Quase digo a ele que fui com a Cho nos tempos da escola, que a arrastei comigo embora ela preferisse bandas como Poison e Bon Jovi. Mas não menciono isso. Porque do contrário ele vai se lembrar de voltar para casa para encontrá-la e eu não quero ficar sozinha nos últimos momentos dos meus vinte anos. Obviamente, preferia estar com um namorado, mas Harry é melhor do que nada.
No 7B os garçons estão atendendo aos últimos pedidos da noite. Pegamos mais algumas cervejas e voltamos para a mesa. Algum tempo depois entramos novamente num táxi, indo em direção ao norte pela Primeira Avenida.
— Duas paradas — avisa Harry ao motorista, porque moramos em lados opostos do Central Park.
Harry está segurando a bolsa Chanel de Cho, que fica pequena e deslocada em sua mão enorme. Olho para o mostrador prateado do Rolex dele, um presente de Cho. Falta pouco para as quatro horas.
Ficamos em silêncio por uns dez ou 15 quarteirões, ambos olhando para fora de nossas respectivas janelas, até que o carro passa por um buraco e me vejo lançada para o meio do banco traseiro, minha perna roçando a dele. Então, de repente, do nada, Harry está me beijando. Ou talvez eu esteja beijando Harry. Não sei como, estamos nos beijando. Minha cabeça fica leve enquanto ouço o suave som dos nossos lábios se encontrando repetidas vezes. A certa altura, Harry, entre um beijo e outro, diz ao motorista que no fim das contas vai ser apenas uma parada.
Chegamos na esquina da 73 com a Terceira Avenida, perto do meu apartamento. Harry entrega uma nota de vinte para o motorista e não espera pelo troco. Saltamos do táxi, nos beijamos mais na calçada e então na frente de José, meu porteiro. Enquanto subimos, nos beijamos o tempo todo. Estou imprensada contra a parede do elevador, minhas mãos em sua nuca. Fico surpresa ao sentir a maciez do cabelo dele.

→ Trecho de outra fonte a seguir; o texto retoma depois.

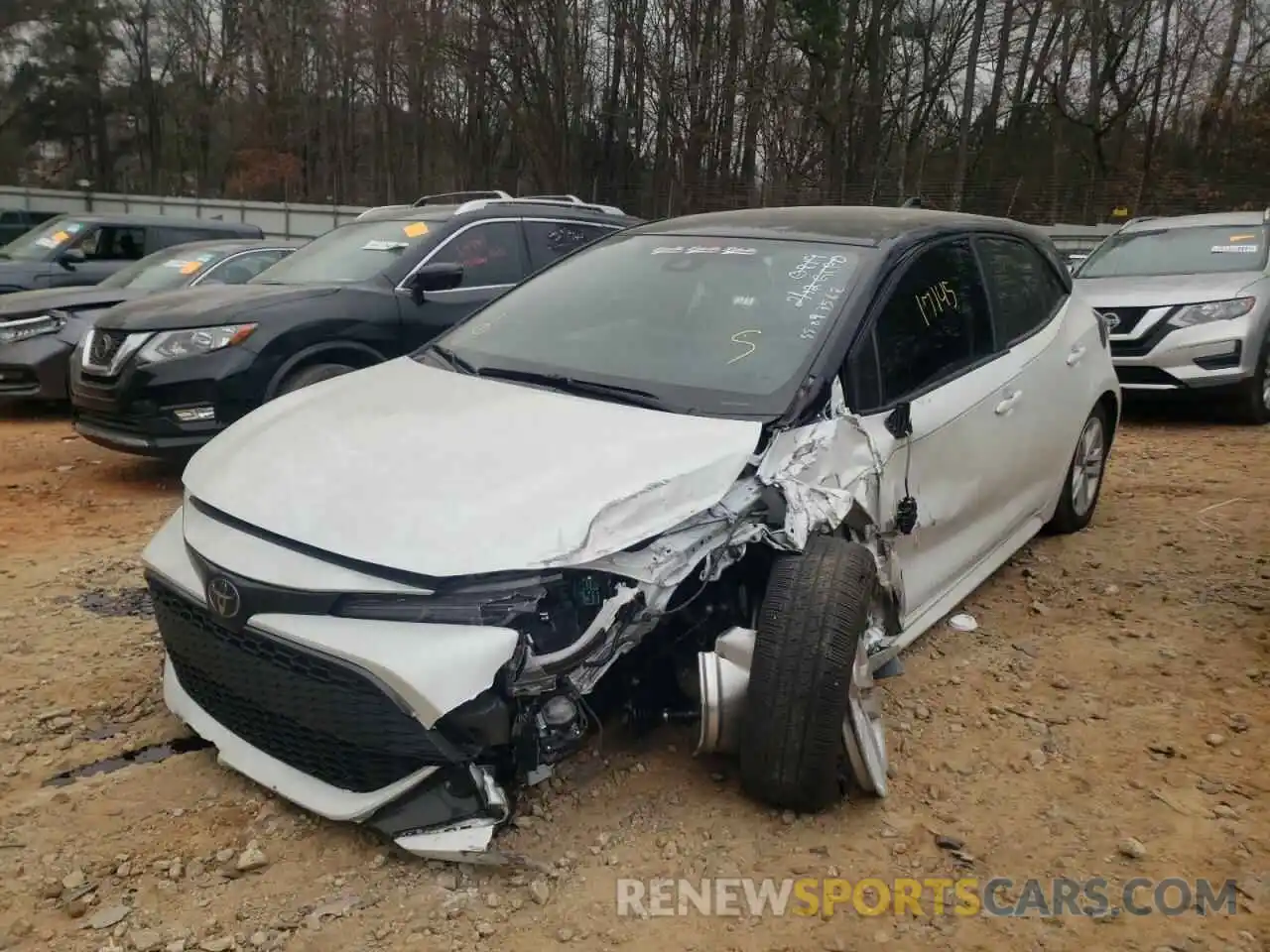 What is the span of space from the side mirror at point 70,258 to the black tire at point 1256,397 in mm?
10709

Luto com as chaves, girando para o lado errado da fechadura, enquanto Harry mantém o braço em torno da minha cintura, seus lábios no meu pescoço e na lateral do meu rosto. Finalmente a porta se abre, e estamos nos beijando no meio do meu apartamento de apenas um cômodo. Estamos de pé, tendo apenas um ao outro como apoio. Vamos cambaleando até minha cama, arrumada ao estilo de uma cama de hospital.
— Você está bêbada? — A voz dele é um sussurro no escuro.
—Não — respondo.
Porque sempre se diz que não se está bêbado. E embora eu esteja tenho um momento de lucidez quando considero exatamente o que estava faltando nos meus vinte anos e o que desejo encontrar a partir dos meus trinta. Fico impressionada ao ver que, de certa forma, posso ter ambas as coisas nesta importante noite de aniversario. Harry pode ser meu segredo, minha ultima chance para um capitulo oculto nos meus vinte anos, e também uma espécie de prelúdio — uma promessa de que alguém como ele possa aparecer. Cho surge no meu pensamento, mas esta sendo empurrada lá para trás, encoberta por uma força mais forte do que nossa amizade e do que a minha própria consciência. Harry se movimenta sobre mim. Meus olhos estão fechados, então abertos, depois fechados novamente.
E então, não sei como, estou na cama com o noivo da minha melhor amiga.